### Input records
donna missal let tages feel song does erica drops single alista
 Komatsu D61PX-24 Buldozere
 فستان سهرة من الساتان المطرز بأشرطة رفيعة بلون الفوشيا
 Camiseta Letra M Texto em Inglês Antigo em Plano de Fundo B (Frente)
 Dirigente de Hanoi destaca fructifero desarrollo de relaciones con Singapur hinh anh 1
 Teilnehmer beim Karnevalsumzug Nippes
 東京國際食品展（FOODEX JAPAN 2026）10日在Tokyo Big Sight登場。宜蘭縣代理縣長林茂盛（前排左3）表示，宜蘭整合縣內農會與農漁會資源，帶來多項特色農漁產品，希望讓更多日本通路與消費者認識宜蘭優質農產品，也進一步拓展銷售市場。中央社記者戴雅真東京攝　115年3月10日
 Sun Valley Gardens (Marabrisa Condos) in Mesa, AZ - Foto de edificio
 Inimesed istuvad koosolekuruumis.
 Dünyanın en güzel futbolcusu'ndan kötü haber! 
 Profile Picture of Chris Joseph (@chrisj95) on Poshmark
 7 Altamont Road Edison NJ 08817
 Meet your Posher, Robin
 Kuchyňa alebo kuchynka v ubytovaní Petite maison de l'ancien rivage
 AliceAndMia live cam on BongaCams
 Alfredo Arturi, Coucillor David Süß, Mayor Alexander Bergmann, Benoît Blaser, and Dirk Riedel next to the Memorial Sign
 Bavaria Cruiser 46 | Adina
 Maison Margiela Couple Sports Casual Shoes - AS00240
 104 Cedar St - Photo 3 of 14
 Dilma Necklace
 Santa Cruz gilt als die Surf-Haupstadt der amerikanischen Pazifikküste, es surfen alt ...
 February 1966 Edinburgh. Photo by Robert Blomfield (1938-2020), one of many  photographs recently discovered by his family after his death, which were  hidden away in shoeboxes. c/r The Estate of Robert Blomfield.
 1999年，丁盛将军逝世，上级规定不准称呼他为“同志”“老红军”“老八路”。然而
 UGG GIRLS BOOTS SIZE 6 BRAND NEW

### Work order
Write the entries again, exactly as they stand.

### Problem solution
donna missal let tages feel song does erica drops single alista
 Komatsu D61PX-24 Buldozere
 فستان سهرة من الساتان المطرز بأشرطة رفيعة بلون الفوشيا
 Camiseta Letra M Texto em Inglês Antigo em Plano de Fundo B (Frente)
 Dirigente de Hanoi destaca fructifero desarrollo de relaciones con Singapur hinh anh 1
 Teilnehmer beim Karnevalsumzug Nippes
 東京國際食品展（FOODEX JAPAN 2026）10日在Tokyo Big Sight登場。宜蘭縣代理縣長林茂盛（前排左3）表示，宜蘭整合縣內農會與農漁會資源，帶來多項特色農漁產品，希望讓更多日本通路與消費者認識宜蘭優質農產品，也進一步拓展銷售市場。中央社記者戴雅真東京攝　115年3月10日
 Sun Valley Gardens (Marabrisa Condos) in Mesa, AZ - Foto de edificio
 Inimesed istuvad koosolekuruumis.
 Dünyanın en güzel futbolcusu'ndan kötü haber! 
 Profile Picture of Chris Joseph (@chrisj95) on Poshmark
 7 Altamont Road Edison NJ 08817
 Meet your Posher, Robin
 Kuchyňa alebo kuchynka v ubytovaní Petite maison de l'ancien rivage
 AliceAndMia live cam on BongaCams
 Alfredo Arturi, Coucillor David Süß, Mayor Alexander Bergmann, Benoît Blaser, and Dirk Riedel next to the Memorial Sign
 Bavaria Cruiser 46 | Adina
 Maison Margiela Couple Sports Casual Shoes - AS00240
 104 Cedar St - Photo 3 of 14
 Dilma Necklace
 Santa Cruz gilt als die Surf-Haupstadt der amerikanischen Pazifikküste, es surfen alt ...
 February 1966 Edinburgh. Photo by Robert Blomfield (1938-2020), one of many  photographs recently discovered by his family after his death, which were  hidden away in shoeboxes. c/r The Estate of Robert Blomfield.
 1999年，丁盛将军逝世，上级规定不准称呼他为“同志”“老红军”“老八路”。然而
 UGG GIRLS BOOTS SIZE 6 BRAND NEW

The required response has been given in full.